There are a few things in common about the Gulf spill and climate change.  One lesson of the Gulf oil spill that is an ominous warning about climate change is that the Deepwater Horizon disaster demonstrates that what are often initially believed to be low probability, catastrophic impacts do happen.
Although even more optimistic predictions of climate change impacts are disastrous for some of the world’s most vulnerable people, the upper end of possible human-induced temperature increases in this Century of 9 to 16 F will be catastrophic and perhaps unimaginable for the world.

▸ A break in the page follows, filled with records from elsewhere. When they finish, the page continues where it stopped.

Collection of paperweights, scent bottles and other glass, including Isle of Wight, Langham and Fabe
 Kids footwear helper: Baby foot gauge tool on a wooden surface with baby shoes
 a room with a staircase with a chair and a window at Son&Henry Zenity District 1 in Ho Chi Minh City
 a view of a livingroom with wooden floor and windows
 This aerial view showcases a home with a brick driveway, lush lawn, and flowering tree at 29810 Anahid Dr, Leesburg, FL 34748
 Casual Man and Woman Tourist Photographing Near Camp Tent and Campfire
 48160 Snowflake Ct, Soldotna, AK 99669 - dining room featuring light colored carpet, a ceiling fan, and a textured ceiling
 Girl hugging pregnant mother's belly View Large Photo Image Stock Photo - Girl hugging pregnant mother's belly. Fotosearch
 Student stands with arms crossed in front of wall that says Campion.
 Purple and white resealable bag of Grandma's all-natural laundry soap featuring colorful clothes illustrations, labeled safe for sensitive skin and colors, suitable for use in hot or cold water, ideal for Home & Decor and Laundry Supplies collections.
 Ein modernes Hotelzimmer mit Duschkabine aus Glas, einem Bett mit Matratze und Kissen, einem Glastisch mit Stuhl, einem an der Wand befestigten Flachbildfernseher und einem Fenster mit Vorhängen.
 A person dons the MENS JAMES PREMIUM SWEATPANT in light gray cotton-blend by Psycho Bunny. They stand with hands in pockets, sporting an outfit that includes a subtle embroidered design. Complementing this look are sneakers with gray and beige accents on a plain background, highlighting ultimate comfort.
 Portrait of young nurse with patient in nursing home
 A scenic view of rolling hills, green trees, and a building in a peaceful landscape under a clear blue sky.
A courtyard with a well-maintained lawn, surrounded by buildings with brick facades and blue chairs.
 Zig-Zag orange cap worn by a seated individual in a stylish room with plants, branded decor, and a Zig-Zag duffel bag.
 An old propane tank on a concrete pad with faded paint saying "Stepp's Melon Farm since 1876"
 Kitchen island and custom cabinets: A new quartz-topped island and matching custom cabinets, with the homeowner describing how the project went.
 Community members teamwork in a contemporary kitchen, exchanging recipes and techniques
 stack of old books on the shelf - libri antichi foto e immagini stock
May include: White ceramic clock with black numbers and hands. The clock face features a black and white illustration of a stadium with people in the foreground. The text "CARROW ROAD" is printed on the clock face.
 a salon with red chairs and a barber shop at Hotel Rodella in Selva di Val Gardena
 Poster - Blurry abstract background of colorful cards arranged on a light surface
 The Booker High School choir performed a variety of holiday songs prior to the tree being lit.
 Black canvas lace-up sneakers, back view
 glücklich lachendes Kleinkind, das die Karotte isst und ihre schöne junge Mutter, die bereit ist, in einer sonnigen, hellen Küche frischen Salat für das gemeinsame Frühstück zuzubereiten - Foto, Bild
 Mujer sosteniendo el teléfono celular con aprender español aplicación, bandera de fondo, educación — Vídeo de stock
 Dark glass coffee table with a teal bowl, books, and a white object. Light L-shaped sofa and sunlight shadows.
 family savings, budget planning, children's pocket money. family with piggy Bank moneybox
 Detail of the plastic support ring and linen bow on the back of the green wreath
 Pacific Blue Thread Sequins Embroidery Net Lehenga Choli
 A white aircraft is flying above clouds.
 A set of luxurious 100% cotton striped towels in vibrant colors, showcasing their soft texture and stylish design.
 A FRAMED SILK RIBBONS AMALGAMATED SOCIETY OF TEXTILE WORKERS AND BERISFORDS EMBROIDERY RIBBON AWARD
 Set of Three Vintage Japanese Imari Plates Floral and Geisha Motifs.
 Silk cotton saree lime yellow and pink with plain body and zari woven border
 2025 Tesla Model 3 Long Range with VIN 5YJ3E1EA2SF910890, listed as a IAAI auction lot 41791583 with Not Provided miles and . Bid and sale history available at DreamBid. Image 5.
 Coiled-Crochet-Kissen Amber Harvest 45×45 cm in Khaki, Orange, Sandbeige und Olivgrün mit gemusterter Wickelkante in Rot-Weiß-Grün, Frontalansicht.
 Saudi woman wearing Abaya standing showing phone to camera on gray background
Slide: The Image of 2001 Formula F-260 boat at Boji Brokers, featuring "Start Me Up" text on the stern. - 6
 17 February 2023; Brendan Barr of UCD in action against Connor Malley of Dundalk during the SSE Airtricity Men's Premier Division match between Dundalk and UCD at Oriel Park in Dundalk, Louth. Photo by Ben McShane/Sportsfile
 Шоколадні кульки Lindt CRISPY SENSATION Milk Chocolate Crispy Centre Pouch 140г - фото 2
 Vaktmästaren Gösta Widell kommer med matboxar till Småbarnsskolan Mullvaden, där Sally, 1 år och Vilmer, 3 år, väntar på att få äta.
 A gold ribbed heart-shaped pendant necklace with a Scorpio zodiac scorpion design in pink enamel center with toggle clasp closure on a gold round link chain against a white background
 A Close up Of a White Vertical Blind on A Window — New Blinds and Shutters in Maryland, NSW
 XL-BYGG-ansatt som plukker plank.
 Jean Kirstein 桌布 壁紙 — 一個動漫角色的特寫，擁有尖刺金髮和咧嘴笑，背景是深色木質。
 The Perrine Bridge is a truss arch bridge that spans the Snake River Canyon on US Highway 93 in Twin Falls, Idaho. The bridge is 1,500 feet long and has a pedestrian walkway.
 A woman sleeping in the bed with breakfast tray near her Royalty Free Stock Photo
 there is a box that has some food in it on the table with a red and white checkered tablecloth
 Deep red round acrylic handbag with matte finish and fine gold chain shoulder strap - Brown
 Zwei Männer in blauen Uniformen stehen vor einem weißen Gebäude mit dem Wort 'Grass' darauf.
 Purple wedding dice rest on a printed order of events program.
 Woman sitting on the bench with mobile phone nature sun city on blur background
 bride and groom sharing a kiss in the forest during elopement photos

Also, some of the U.S. Congressmen who have consistently fought stronger government climate change action have also promoted rapid expansion of deep sea oil drilling. It is also no mere coincidence that most of these Congressmen are also from oil states and  are the greatest recipients of  fossil-fuel industry political contributions.
Although the BP oil spill seriously threatens those who live along the Gulf of Mexico, U.S. intransigence on climate change threatens the entire world; a fact that is causing rising anger around the world. Yet the U.S. Congress continues to resist action on climate change on the basis that it will harm some U.S. economic interests, while ignoring our duties, responsibilities, and obligations to others to reduce U.S. greenhouse gas emissions to the U.S. fair share of safe global releases.  For this reason, while the BP oil spill can be rightfully be understood as a disaster, U.S. Congressional inaction on climate change must be understood as a huge moral failure leading to an even greater disaster.